**WHAT TO WORK ON:**
An exact copy of every line from the one holding "Finca Mallorca Pollenca 6 Personen" to the end of the entries below is required; leave the pictures out.

[Short descriptive text snippets]
^^^^^^^^

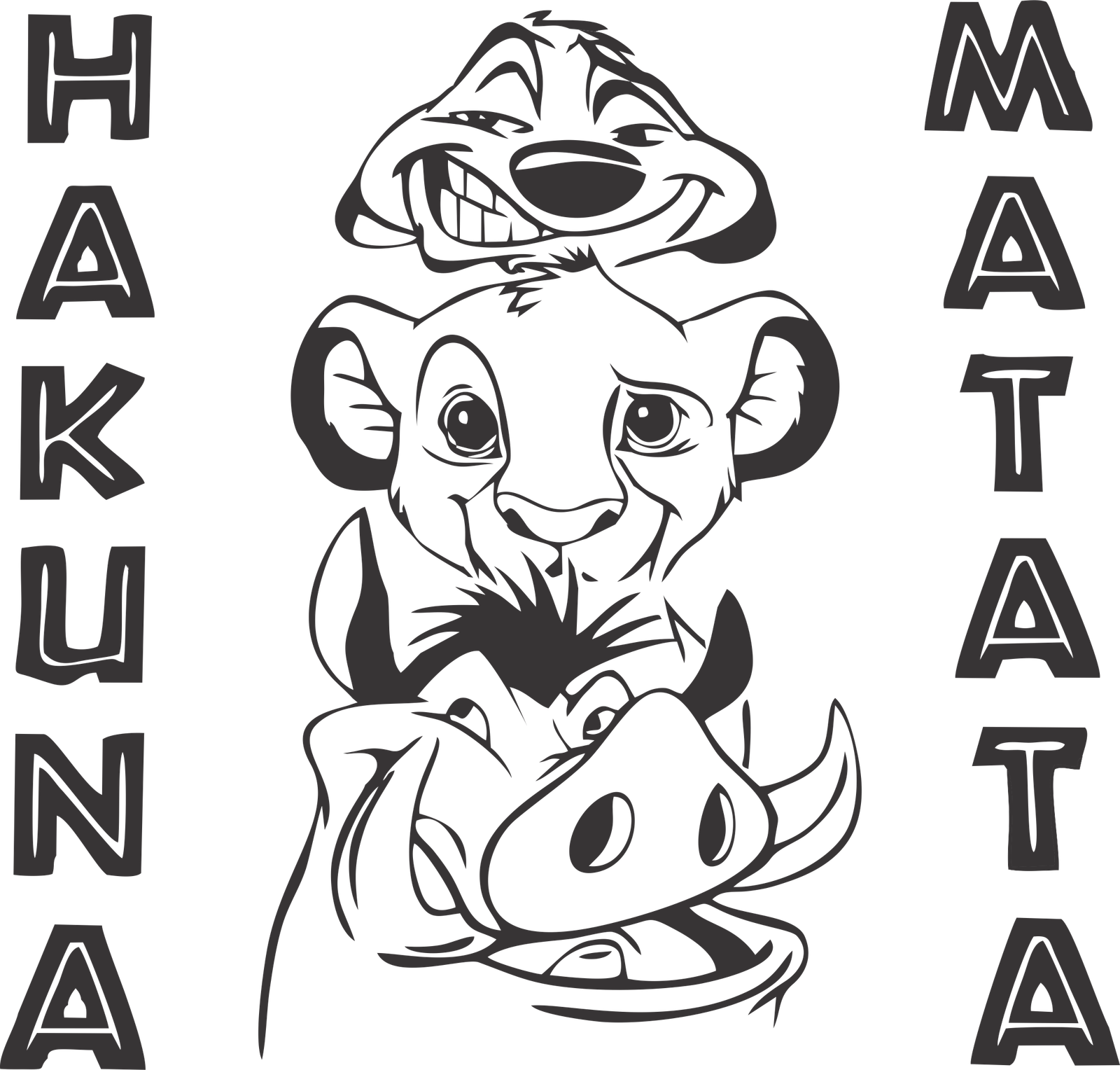 hakuna matata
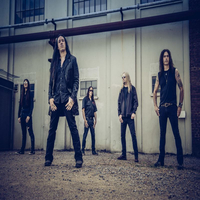 Sanctuary - 'Into The Mirror Black' at 229 THE VENUE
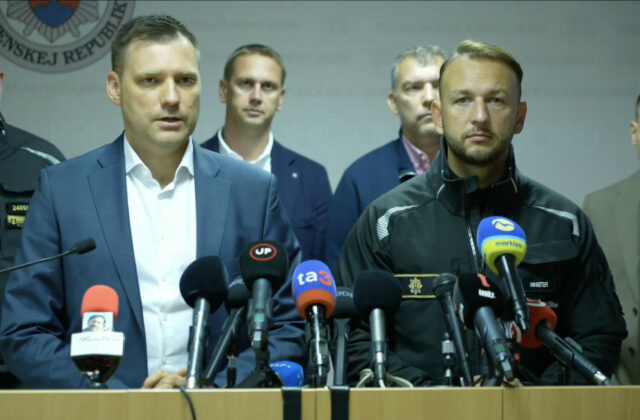 Taraba s Eštokom priniesli aktuálne informácie o riekach Morava a Dunaj. Majú dobré aj…
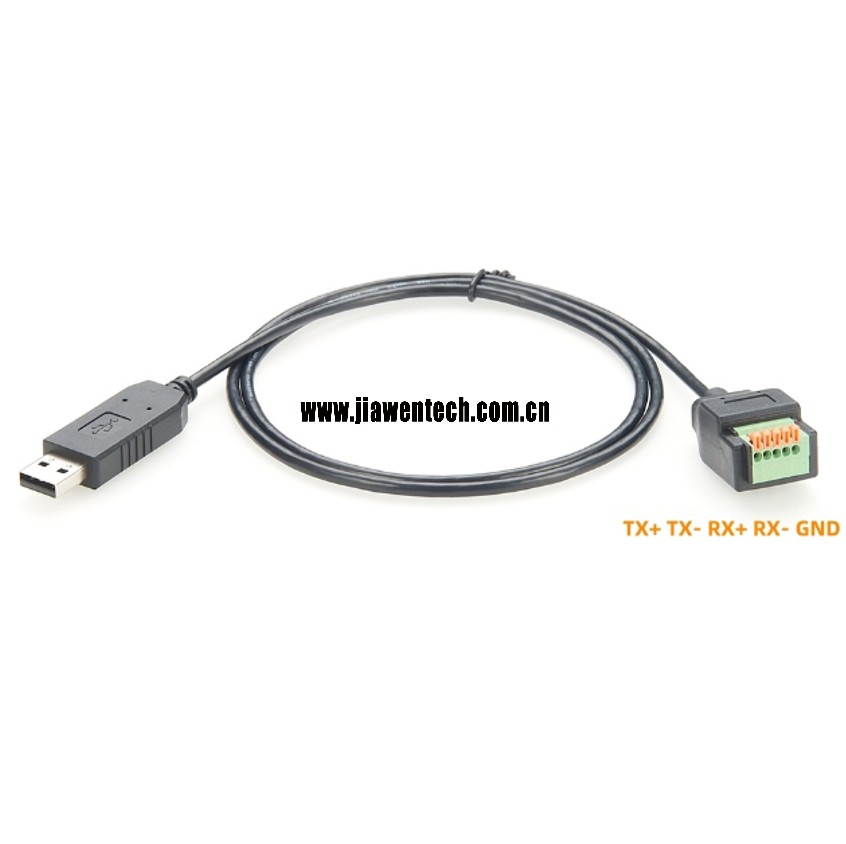 USB to RS485 RS422 Converter FTDI CHIP with Screw Terminals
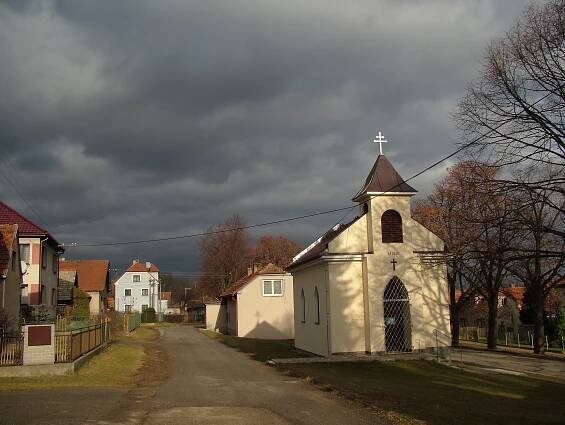 Chlum (obec, okres Benešov)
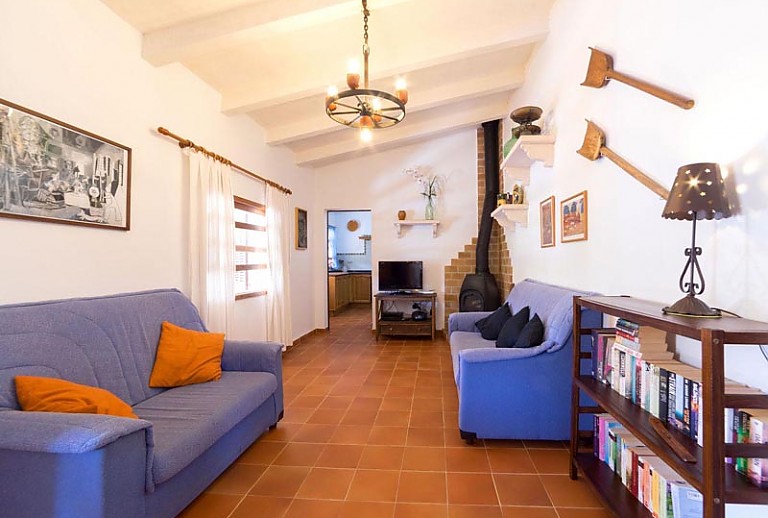 Finca Mallorca Pollenca 6 Personen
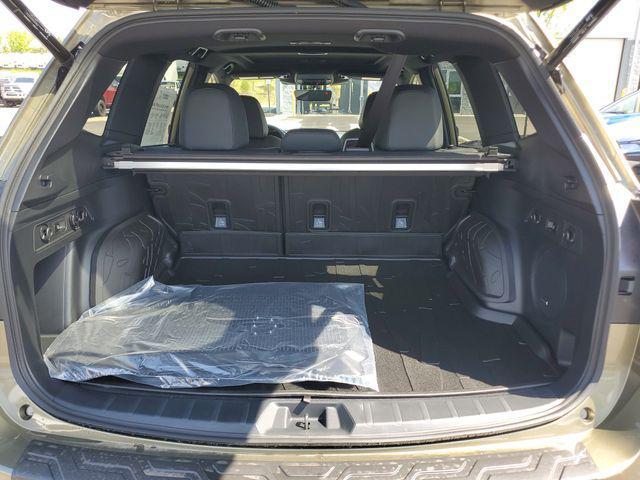 new 2025 Subaru Forester car, priced at $39,573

^^^^^^^^

**WORKED SOLUTION:**
 Finca Mallorca Pollenca 6 Personen
 new 2025 Subaru Forester car, priced at $39,573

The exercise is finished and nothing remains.